En la bicisenda de la avenida Corrientes, a la altura de Pueyrredón, un pibe frena ante el semáforo rojo y pregunta: "Amigo, ¿sabés cómo hago para ir a la Plaza del Congreso?" Viene pedaleando rápido, se lo ve contento, y en su tono, en su ropa, en su bicicleta, reconozco a mis habituales compañeros de furgón en los trenes que van y vienen todos los días entre el conurbano y CABA. Lo imagino llegando desde la estación Lacroze, en Chacarita, y también intuyo, por su desconocimiento del centro porteño, que no es un habitué de las movilizaciones populares. A su modo, él también está por meter "las patas en la fuente", aunque tal vez —prejuicio puro— desconozca la referencia.
Solo es necesario bordear el Congreso, mirar las caras, escuchar lo que cantan, o sus charlas con los vendedores ambulantes, para advertir que esto que está pasando tiene muy poco que ver con las típicas movilizaciones de los conservadores y los liberales argentinos. No son "macristas". Son gente "común", amuchados por un rato para vivar al líder que los quiere sueltos. Es algo más que una sociedad derechizada. Es la vida misma que se volvió de derecha.
Entre los miles que van llegando a la plaza veo a un tipo parecido al fletero que hace unos meses me llevó de Palermo a Wilde y se pasó todo el viaje puteando contra el caos de la ciudad y los piqueteros que le hacen perder tiempo y quedar mal con los clientes. Se parece, pero no es; cada uno de los que me cruzo podría representar a esos que no pertenecen a nuestro círculo más íntimo de afinidad cultural o ideológica, que transitan por fuera de ese anillo de protección que establecimos para preservar nuestra salud mental, pero que están ahi, en nuestra cotidianidad, aunque no los percibamos como actores políticos.
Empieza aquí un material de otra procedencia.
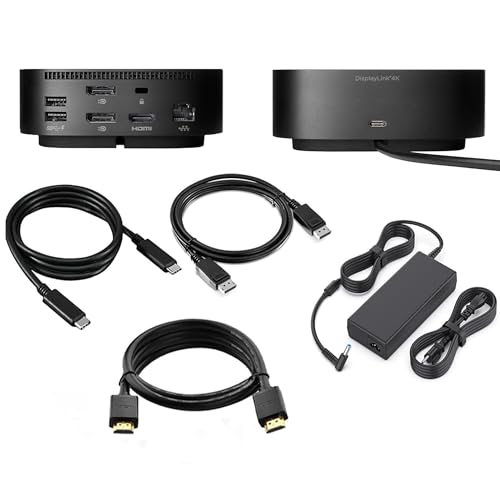 HP Docking Station for Laptop Dual Monitor and Charging G5 Bundle - HP USB-C G5 Dock 5TW10AA / 5TW10UT / 5TW10AA#ABB with 120W AC Adapter + HDMI Cable + DisplayPort Cable + USB-C Cable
"Veo", entonces, al fumigador que vino al edificio hace poco y discutió con el vecino del departamento de al lado porque "nos están matando a impuestos que usan para mantener a vagos". O a Dardo, un albañil amigo que vive en Sol y Verde (suburbios de José C. Paz) y terminó votando a Massa (eso creo) porque le quemé la cabeza, pero cada vez que salía el tema me decía: "A mí el Estado no me da nada, nunca tuve aguinaldo ni vacaciones, vivo el día a día. Si una semana se me cae un laburo, no como".
La vida se volvió de derecha porque desde hace rato la convivencia se tramita con los códigos de la jungla. La lógica individualista —guiada por la necesidad de supervivencia y las ansias de superación personal— impregna ese día a día en la calle, en los codazos para subir al subte, en las historias de Instagram, en el trabajo, en la familia. Nos empujan al narcisismo pero ese narcisismo está lleno de heridas que nunca terminan de supurar.
Una señora se está yendo de la zona del Congreso. Ya va por Rodríguez Peña rumbo a la avenida Belgrano pero no baja el cartel que lleva con orgullo y esperanza: "Javier Milei, en vos confío". La imagen se parece a una estampita que nos daban en la iglesia cuando nos preparábamos para la Primera Comunión y el objeto de confianza era el Sagrado Corazón de Jesús. Seguramente la señora aplaudió hace un ratito cuando el nuevo presidente arengó, como si estuviera anunciando una buena noticia: "No hay plata". Ella aplaudió porque confía en que no habrá plata para los grandes colectivos de los que desconfía (sindicatos, organizaciones sociales, partidos políticos) y que Milei, entonces, abrirá los caminos —como Moisés las aguas del Mar Rojo— para que ella pueda progresar por sus méritos como argentina de bien que es.
Como ella, muchos sienten que están para más y que otros se están quedando con lo que les corresponde. Ese sentimiento existió siempre, pero antes lo capitalizaba el peronismo y ahora lo hace la derecha. Hubo un tiempo en que las políticas públicas propiciaban una movilidad social ascendente. Ese ciclo virtuoso se interrumpió hace ocho años y sus consignas retóricas —"la patria es el otro", "ampliación de derechos", "Estado presente"— se convirtieron en cáscaras vacías, incapaces de cobijar las expectativas de millones de personas.
Deambulé por la zona del Congreso mirando de reojo la plaza, escuchando de lejos, como si esas vallas que cercaban la Avenida de Mayo fueran la frontera que me preservara de un micromundo distópico, plagado de frikis y fascistas. Me volví con una imagen aún más inquietante: la monstruosidad nos acecha desde la más absoluta normalidad.